Après un siècle passé sur cette planète à observer, essayer de comprendre, faire partager sa connaissance, Lévi-Strauss est l’un des pères fondateurs de la pensée structuraliste ; auteur d’une œuvre considérable pour les sciences et pour la compréhension de l’homme.
Dans un opuscule, intitulé Race et Histoire , Claude Lévi-Strauss s’est proposé de réfuter l’idée d’une supériorité ou d’une exemplarité de l’histoire occidentale par rapport à celles d’autres cultures. Il s’est attelé, d’abord, à souligner la distinction entre race et culture et observe ainsi, que si les races se comptent par unités, les cultures, elles, se comptent par milliers. Logiquement, on ne peut donc pas dire qu’il existe une culture de l’homme blanc, une culture de l’homme noir, etc.
Certes, il existe bien des différences entre cultures, mais elles peuvent être attribuées à des « circonstances géographiques, historiques et sociologiques, non à des aptitudes distinctes liées à la constitution anatomique ou physiologiques des noirs, des jaunes ou des blancs ». Le problème posé par la confrontation des cultures est-il un obstacle à l’unité du genre humain ? : “Le barbare, c’est d’abord l’homme qui croit à la barbarie.”
A un moment ou “l’identité ” fait recette, je conseille la relecture de ce grand esprit et vous livre une de “ses pages”.
L’attitude la plus ancienne, et qui repose sans doute sur des fondements psychologiques solides puisqu’elle tend à réapparaître chez chacun de nous quand nous sommes placés dans une situation inattendue, consiste à répudier purement et simplement les formes culturelles : morales, religieuses, sociales, esthétiques, qui sont les plus éloignées de celles auxquelles nous nous identifions. »Habitudes de sauvages », « cela n’est pas de chez nous », « on ne devrait pas permettre cela », etc., autant de réactions grossières qui traduisent ce même frisson,cette même répulsion, en présence de manières de vivre, de croire ou de penser qui nous sont étrangères.
Il est probable que le mot barbare se réfère étymologiquement à la confusion et à l’inarticulation du chant des oiseaux, opposées à la valeur signifiante du langage humain ; et sauvage, qui veut dire « de la forêt », évoque aussi un genre de vie animale, par opposition à la culture humaine.
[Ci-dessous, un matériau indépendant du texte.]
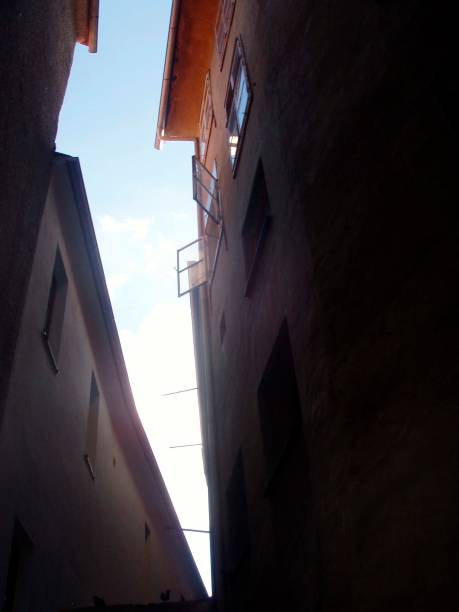 istock atrium, narrow dark lane with light from above 1296195202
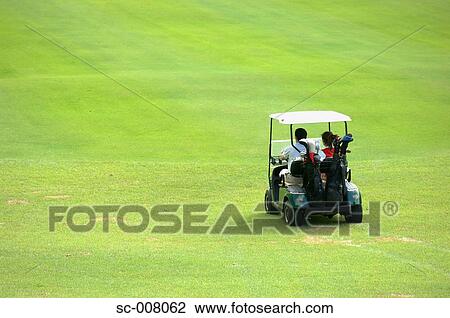 Rear view of two golfers sitting in a golf cart View Large Photo Image Stock Image - Rear view of two golfers sitting in a golf cart. Fotosearch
Dans les deux cas, on refuse d’admettre la fait même de la diversité culturelle ; on préfère rejeter hors culture, dans la nature, tout ce qui ne se conforme pas à la norme sous laquelle on vit.
Cette attitude de pensée, au nom de laquelle on rejette les « sauvages » (ou tous ceux qu’on choisit de considérer comme tels) hors de l’humanité, est justement l’attitude la plus marquante et la plus distinctive de ces sauvages mêmes. On sait, en effet, que la notion d’humanité, englobant, sans distinction de race ou de civilisation, toutes les formes de l’espèce humaine, est d’apparition fort tardive et d’expansion limitée.
Là même où elle semble avoir atteint son plus haut développement, il est nullement certain -l’histoire récente le prouve- qu’elle soit soit établie à l’abri des équivoques ou des régressions. Mais, pour de vastes fractions de l’espèce humaine et pendant des dizaines de millénaires, cette notion paraît être totalement absente.
On va souvent jusqu’à priver l’étranger de ce dernier degré de réalité en en faisant un « fantôme » ou une « apparition ». Ainsi se réalisent de curieuses situations où deux interlocuteurs se donnent cruellement la réplique. Dans les Grandes Antilles, quelques années après la découverte de l’Amérique, pendant que les Espagnols envoyaient des commissions d’enquête pour rechercher si les indigènes possédaient ou non une âme, ces derniers s’employaient à immerger des blancs prisonniers afin de vérifier par une surveillance prolongée si leur cadavre était, ou non, sujet à la putréfaction.
En refusant l’humanité à ceux qui apparaissent comme les plus « sauvages » ou « barbares » des ses représentants, on ne fait que leur emprunter une de leurs attitudes typiques. Le barbare, c’est d’abord l’homme qui croit à la barbarie.